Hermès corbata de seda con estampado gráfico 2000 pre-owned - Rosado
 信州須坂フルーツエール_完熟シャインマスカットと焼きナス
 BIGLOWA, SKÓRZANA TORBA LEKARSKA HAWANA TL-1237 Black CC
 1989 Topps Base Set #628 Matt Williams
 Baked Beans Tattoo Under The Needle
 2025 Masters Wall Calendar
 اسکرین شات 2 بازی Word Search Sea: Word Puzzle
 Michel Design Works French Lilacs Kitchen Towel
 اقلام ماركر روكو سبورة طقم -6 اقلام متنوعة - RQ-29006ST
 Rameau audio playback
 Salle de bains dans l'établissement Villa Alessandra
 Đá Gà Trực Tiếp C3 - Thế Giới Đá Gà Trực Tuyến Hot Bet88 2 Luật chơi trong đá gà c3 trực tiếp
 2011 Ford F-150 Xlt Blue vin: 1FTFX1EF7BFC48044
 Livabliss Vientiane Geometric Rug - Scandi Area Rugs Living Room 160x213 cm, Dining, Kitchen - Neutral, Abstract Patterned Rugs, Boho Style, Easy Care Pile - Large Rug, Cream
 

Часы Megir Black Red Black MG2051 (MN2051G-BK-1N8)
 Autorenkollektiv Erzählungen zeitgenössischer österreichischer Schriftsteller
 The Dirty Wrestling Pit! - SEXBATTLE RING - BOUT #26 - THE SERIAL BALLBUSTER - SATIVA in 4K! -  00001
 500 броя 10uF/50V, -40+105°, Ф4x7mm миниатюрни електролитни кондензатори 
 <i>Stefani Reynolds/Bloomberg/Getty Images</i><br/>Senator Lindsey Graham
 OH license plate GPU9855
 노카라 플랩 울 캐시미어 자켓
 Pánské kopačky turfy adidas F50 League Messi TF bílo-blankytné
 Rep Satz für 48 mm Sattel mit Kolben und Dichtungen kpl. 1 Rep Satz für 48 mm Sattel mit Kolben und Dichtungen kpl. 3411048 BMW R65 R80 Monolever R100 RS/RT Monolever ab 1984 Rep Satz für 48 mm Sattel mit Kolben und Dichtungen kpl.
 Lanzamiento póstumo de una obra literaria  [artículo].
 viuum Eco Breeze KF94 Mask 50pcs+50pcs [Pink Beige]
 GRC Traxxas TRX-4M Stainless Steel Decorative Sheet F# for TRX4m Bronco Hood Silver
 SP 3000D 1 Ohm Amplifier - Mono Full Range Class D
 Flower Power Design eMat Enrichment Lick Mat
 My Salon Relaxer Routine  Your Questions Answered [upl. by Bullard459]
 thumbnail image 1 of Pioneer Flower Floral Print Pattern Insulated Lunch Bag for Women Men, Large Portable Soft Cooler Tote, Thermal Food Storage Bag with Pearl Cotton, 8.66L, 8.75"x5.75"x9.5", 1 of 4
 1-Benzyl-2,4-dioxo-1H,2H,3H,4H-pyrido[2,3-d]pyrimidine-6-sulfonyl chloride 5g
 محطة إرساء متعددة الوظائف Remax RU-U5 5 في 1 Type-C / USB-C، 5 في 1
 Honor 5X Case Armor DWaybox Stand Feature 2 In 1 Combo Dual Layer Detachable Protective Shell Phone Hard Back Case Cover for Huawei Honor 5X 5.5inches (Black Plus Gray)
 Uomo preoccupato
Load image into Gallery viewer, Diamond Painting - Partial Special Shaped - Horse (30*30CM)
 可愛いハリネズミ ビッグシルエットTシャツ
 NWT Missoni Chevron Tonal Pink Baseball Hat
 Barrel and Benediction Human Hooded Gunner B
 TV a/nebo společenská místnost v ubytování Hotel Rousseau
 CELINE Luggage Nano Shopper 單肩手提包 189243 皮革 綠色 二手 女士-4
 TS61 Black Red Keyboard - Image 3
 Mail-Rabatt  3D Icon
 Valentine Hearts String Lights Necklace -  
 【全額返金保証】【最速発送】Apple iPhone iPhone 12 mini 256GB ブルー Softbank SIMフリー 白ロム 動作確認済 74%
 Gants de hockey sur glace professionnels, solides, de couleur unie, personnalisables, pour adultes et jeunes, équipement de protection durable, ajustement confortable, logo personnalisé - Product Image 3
────────────────
▸ TASK PROMPT: Up to and including the line with "Часы Megir Black", restate the records above word for word from the very first line.

▸ SOLUTION FOR THIS TASK:
Hermès corbata de seda con estampado gráfico 2000 pre-owned - Rosado
 信州須坂フルーツエール_完熟シャインマスカットと焼きナス
 BIGLOWA, SKÓRZANA TORBA LEKARSKA HAWANA TL-1237 Black CC
 1989 Topps Base Set #628 Matt Williams
 Baked Beans Tattoo Under The Needle
 2025 Masters Wall Calendar
 اسکرین شات 2 بازی Word Search Sea: Word Puzzle
 Michel Design Works French Lilacs Kitchen Towel
 اقلام ماركر روكو سبورة طقم -6 اقلام متنوعة - RQ-29006ST
 Rameau audio playback
 Salle de bains dans l'établissement Villa Alessandra
 Đá Gà Trực Tiếp C3 - Thế Giới Đá Gà Trực Tuyến Hot Bet88 2 Luật chơi trong đá gà c3 trực tiếp
 2011 Ford F-150 Xlt Blue vin: 1FTFX1EF7BFC48044
 Livabliss Vientiane Geometric Rug - Scandi Area Rugs Living Room 160x213 cm, Dining, Kitchen - Neutral, Abstract Patterned Rugs, Boho Style, Easy Care Pile - Large Rug, Cream
 

Часы Megir Black Red Black MG2051 (MN2051G-BK-1N8)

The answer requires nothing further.